As the market is fretting over Europe, it mostly shrugged off some good news about the U.S. labor market today: initial jobless claims hit a new 7-month low. This is a fairly volatile statistic and doesn't give a full picture of unemployment, but it is helpful in understanding how layoffs may be trending. And if recent numbers are any indication, then the news is good.
Here's the chart:
You can see from the bright green line how the week ending November 5th compares to other weeks over the past several years. At 390,000, it was the lowest tally since the week ending April 2nd. We saw initial claims fall below this level only briefly earlier this year. Prior to those couple of months, you have to go all the way back to July 2008 to see initial jobless claims below 390,000.

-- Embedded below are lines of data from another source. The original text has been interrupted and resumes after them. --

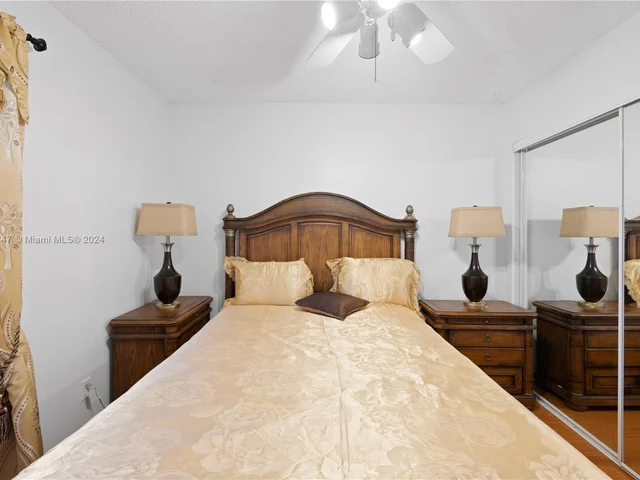 17506 NW 8th St, Pembroke Pines FL 33029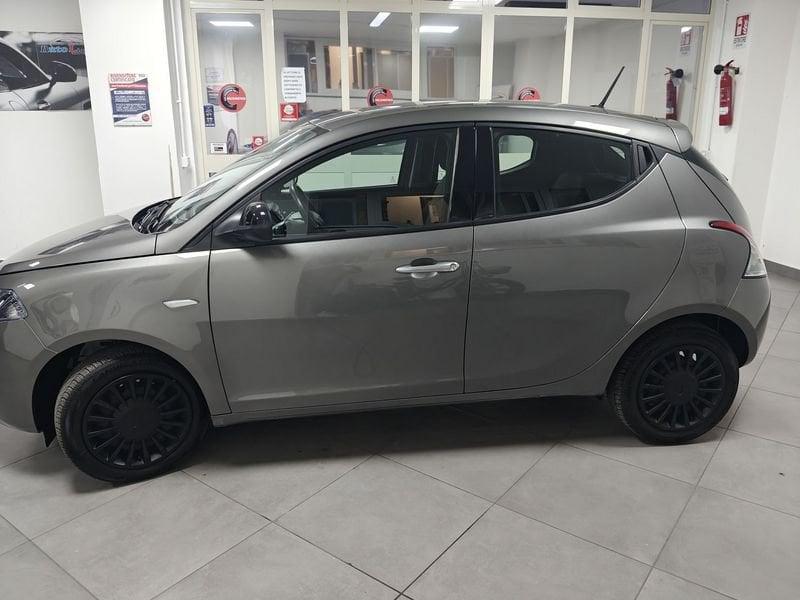 Lancia Ypsilon 1.0 FireFly 70cv Hybrid Silver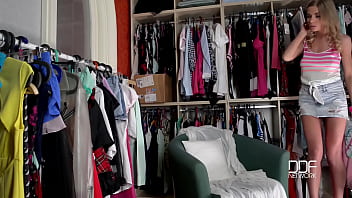 Blonde Babe Blowing Big Dick In Gloryhole thumbnail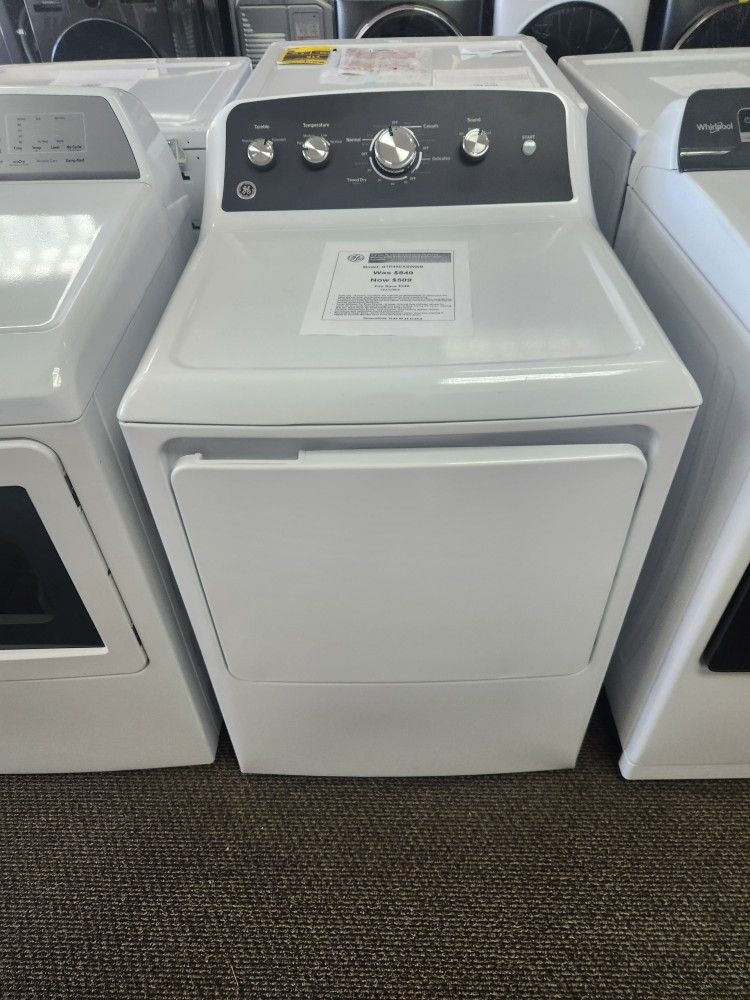 7.2 cu. ft vented Electric Dryer in White with Auto Dry and Extended Tumble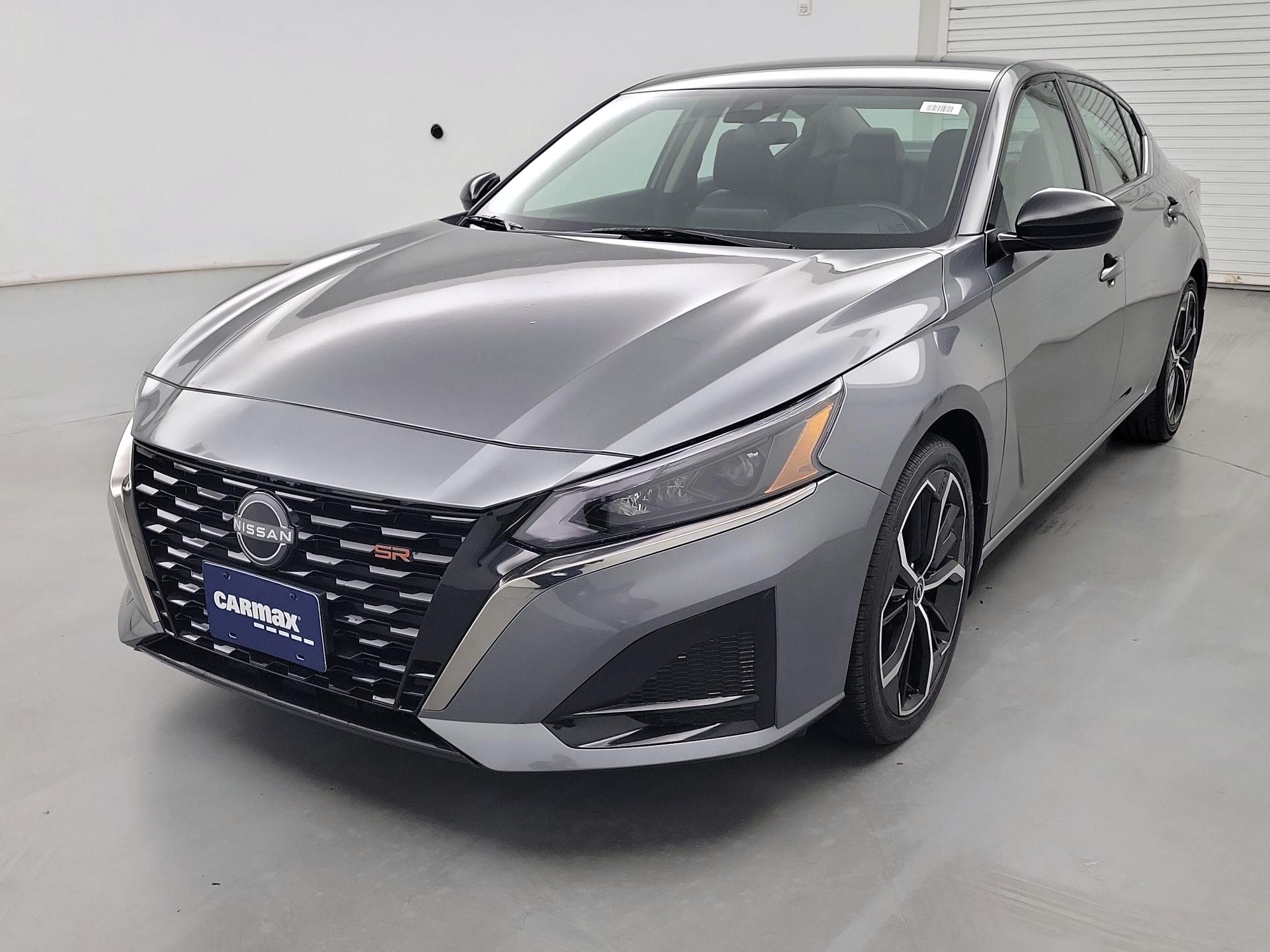 Thumbnail: 2023 Nissan Altima - 3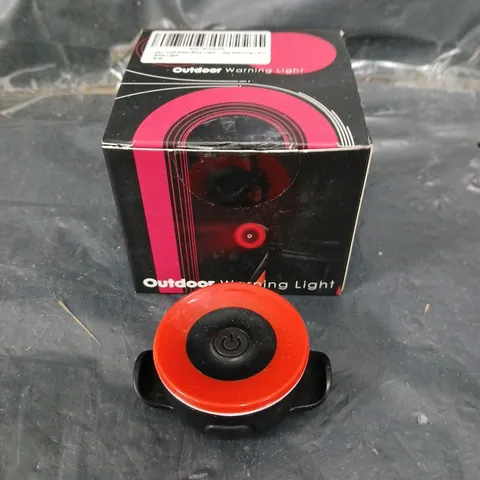 APPROXIMATELY 30 BOXED OUTDOOR WARNING LIGHTS
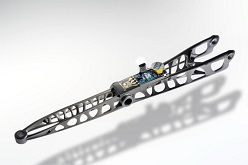 Der PKW Querlenker mit aufgedrucktem Kraftsensor liefert zu jedem beliebigen Zeitpunkt die im Einsatz wirkenden Kräfte und registriert kleinste Risse, die auftreten, bevor ein Defekt entsteht.  © Fraunhofer ILT, Aachen.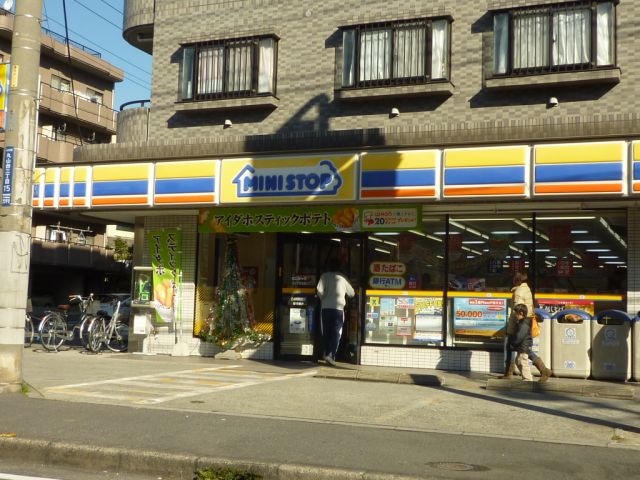 Convenience store. MINISTOP up (convenience store) 900m
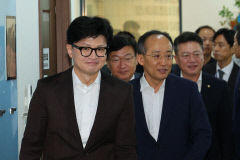 고심 중인 한동훈…'국힘 체질 개선' 결행할까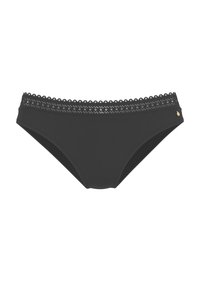 Czarne majtki bikini z falbaniastym koronkowym wykończeniem na talii, gładki materiał i mały złoty akcent z boku.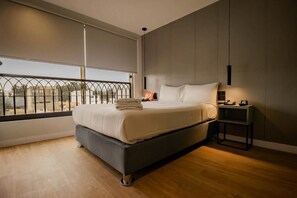 Desk, laptop workspace, free WiFi, bed sheets - MIRAFLORES SUITES HOTEL  (Miraflores)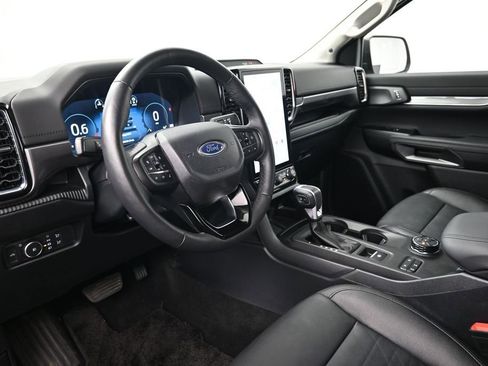 Used 2025 Ford Ranger Lariat w/ Black Appearance Package AWD/4WD image 4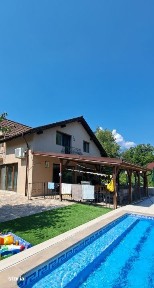 Casa P+M, 226 mp, 750 mp teren, Valea Borcutului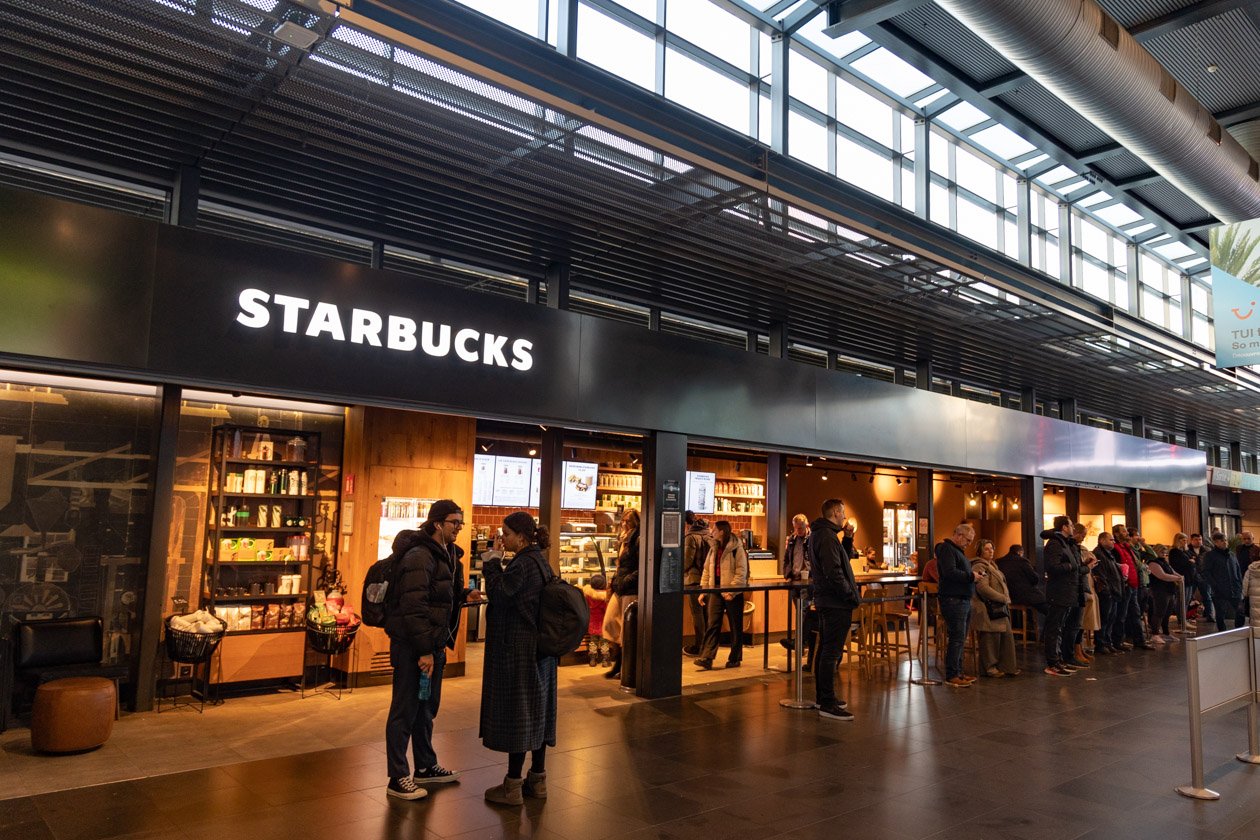 Starbucks à l'aéroport de Charleroi
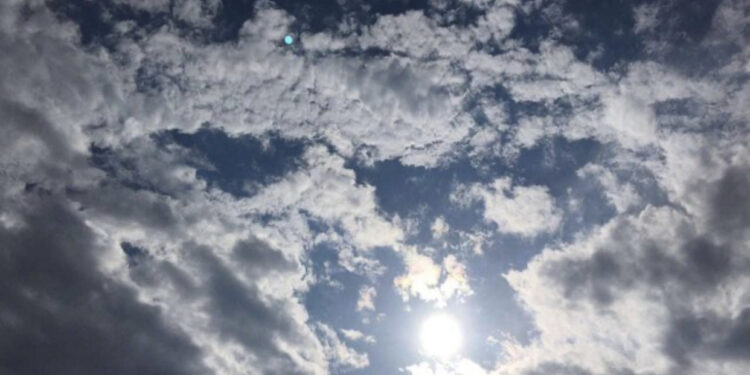 Ditë me vranësira dhe temperatura të ulëta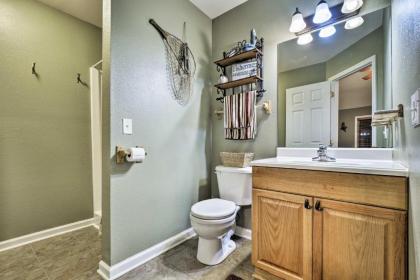 Guntersville Lake Home with Covered Boat Slip! - image 7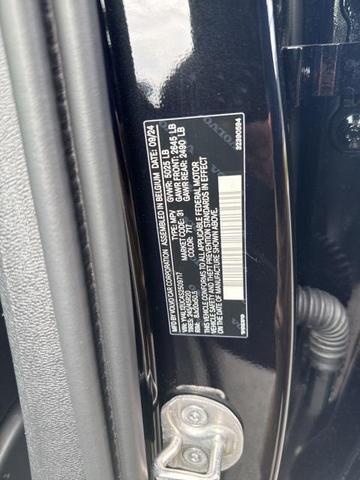 Photo of 2025 Onyx Black Volvo XC40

Of course, way back then, the national unemployment rate was a delightful 5.8%. These days, it's more than 50% higher. The problem now is clearly one of hiring -- not firing. Although layoffs have been slower in recent months, hiring hasn't been much faster. The result is a relatively low number of initial jobless claims but few net new jobs created.
Still, if this trend continues, then it's good news for the labor market. Layoffs have been a persistent headwind for job creation. As they continue to slow, even a relatively low number of gross new jobs will begin to look like a somewhat stronger number of net new jobs. That is, if Europe doesn't manage to cause this curve to creep back up like in late-April.